The National Australia Bank will increasingly consume infrastructure and services on a pay-as-you-go basis with key partners in a bid to take as many IT assets off its books as possible.
According to the bank's group technology executive, Gavin Slater, NAB is working on a 'Total Environment Transformation' from the application layer right through to data centres, that will give the bank access to the latest technologies while carrying less capital assets in the process.
Slater told iTnews at Oracle OpenWorld this week that the bank had attempted to set the technology agenda with its customers in the past, but now faces a world in which the customer is in the driver's seat.
"While we are an information technology driven company, we aren't an IT company," he said.
Banks today "do not have the expertise or R&D budgets" to invest in building its own systems.
NAB instead wants to be an orchestrator of technology services and introduce variability into its cost base by only paying for what it uses.
Infrastructure and networks
NAB has increasingly worked with key partners Digital Realty, IBM, Telstra and Oracle to move to commodity services.
At the infrastructure level, it has contracted Digital Realty to build a second data centre in Melbourne for the bank that will sit on Digital Realty's books. NAB will simply lease the space.
The kit inside both of NAB's data centres are run and owned by IBM under an infrastructure-on-demand deal signed at the end of 2010.
"Effectively its our own private cloud," Slater said.
"IBM own and run the assets, we only pay for our consumption. "
While NAB recognises IBM as experts in the hardware space, the bank retains "decision rights" over which boxes are used. Although its core banking system is currently running on mainframes, Slater has his eye on Oracle's Exadata kit and a range of other options in future.
"Our infrastructure will keep up with where technology takes us," he said. "We don't want to fall back on sweating the assets."
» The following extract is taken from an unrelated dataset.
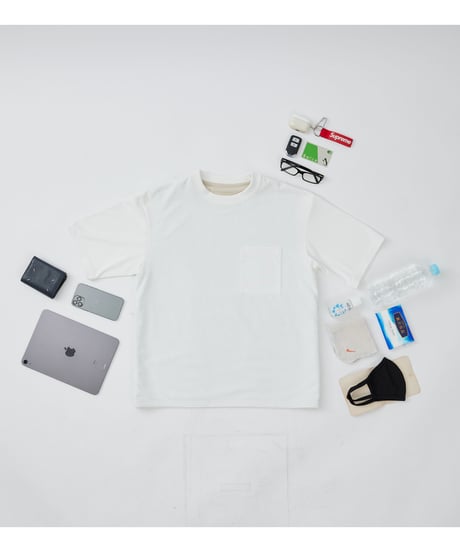 【最後の1着・再入荷なし】ご支援額：850万円／メディア多数掲載／日本製・究極の手ぶら・特許超撥水Tシャツ『THE PERFECT TEE』GREY／グレー／ 灰色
On the networks front, NAB has moved eight bespoke data networks into a multi-protocol layer service provided by Telstra, again with consumption-based pricing.
"I don't want to be owning boxes, I don't want to be owning networks, switches, software," Slater told iTnews.
"More and more we want to move towards PAYG, but with asset refresh built in to the contracts so we maintain our currency. On the hardware side, things will continue to be upgraded. And on the software side we'll get it through licensing deals that give us the latest every year."
NAB retains applications and security in-house, but under the transformation program will no longer play the role of systems integrator.
Video interview part 2: Executive sponsorship and change management
Oracle, for example, has been contracted to replace NAB's 100-core systems with one integrated banking system that bundles together its customer-facing channel, the manufacturing layer (product ledgers with pricing tables etc.) and enterprise applications (such as accounting/general ledger and risk systems).
Slater said Oracle historically had many of the individual components of what could conceivably be 'Frankensteined' into a banking solution (iFlex, CRM-on-demand, database etc.), but "not an integrated banking system".
NAB has provided the US-based vendor with enough incentive to build one.
"We don't want to do the integration, we want Oracle to do that on our behalf," Slater said.
He noted that the transformation will fundamentally change the role of working for IT in a bank.
"I see our role now as a conductor - the orchestra is out there, they are all best at playing their instruments, but as conductor I have to make sure they all deliver us the same tune," he said.